> **What you should do**
Take the lines below from the one with "Фигурка Хитори Гото" through the one with "Fahrzeugabbildung Kangoo Rapid" and retype them exactly. Include nothing else, and no pictures.
** Records for this exercise follows **
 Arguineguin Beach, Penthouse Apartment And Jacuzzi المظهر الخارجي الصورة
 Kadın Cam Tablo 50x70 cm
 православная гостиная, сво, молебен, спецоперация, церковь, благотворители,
** End of Records for this exercise **
** Records for this exercise follows **
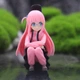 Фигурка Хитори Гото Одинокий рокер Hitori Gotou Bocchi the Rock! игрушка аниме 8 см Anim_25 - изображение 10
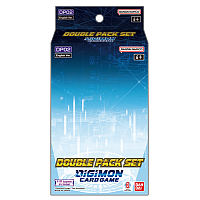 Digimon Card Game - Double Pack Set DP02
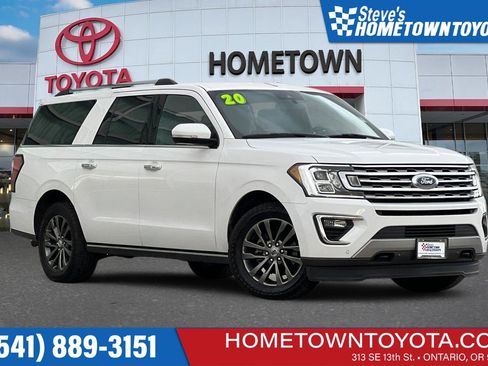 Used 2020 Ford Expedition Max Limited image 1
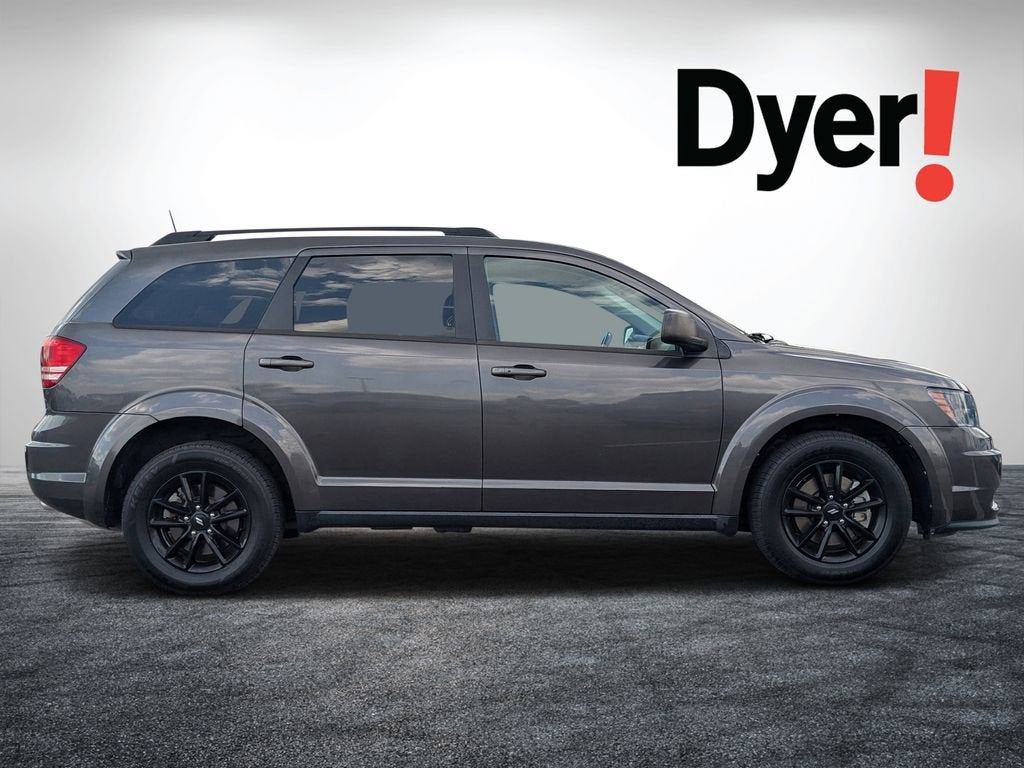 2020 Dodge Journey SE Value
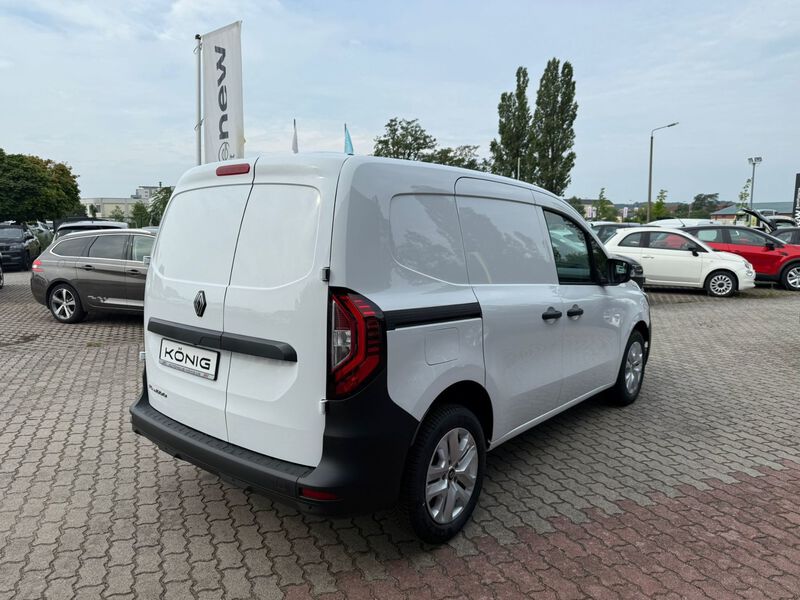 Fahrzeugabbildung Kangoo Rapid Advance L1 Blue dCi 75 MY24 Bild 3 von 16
** End of Records for this exercise **
> **Worked solution**
 Фигурка Хитори Гото Одинокий рокер Hitori Gotou Bocchi the Rock! игрушка аниме 8 см Anim_25 - изображение 10
 Digimon Card Game - Double Pack Set DP02
 Used 2020 Ford Expedition Max Limited image 1
 2020 Dodge Journey SE Value
 Fahrzeugabbildung Kangoo Rapid Advance L1 Blue dCi 75 MY24 Bild 3 von 16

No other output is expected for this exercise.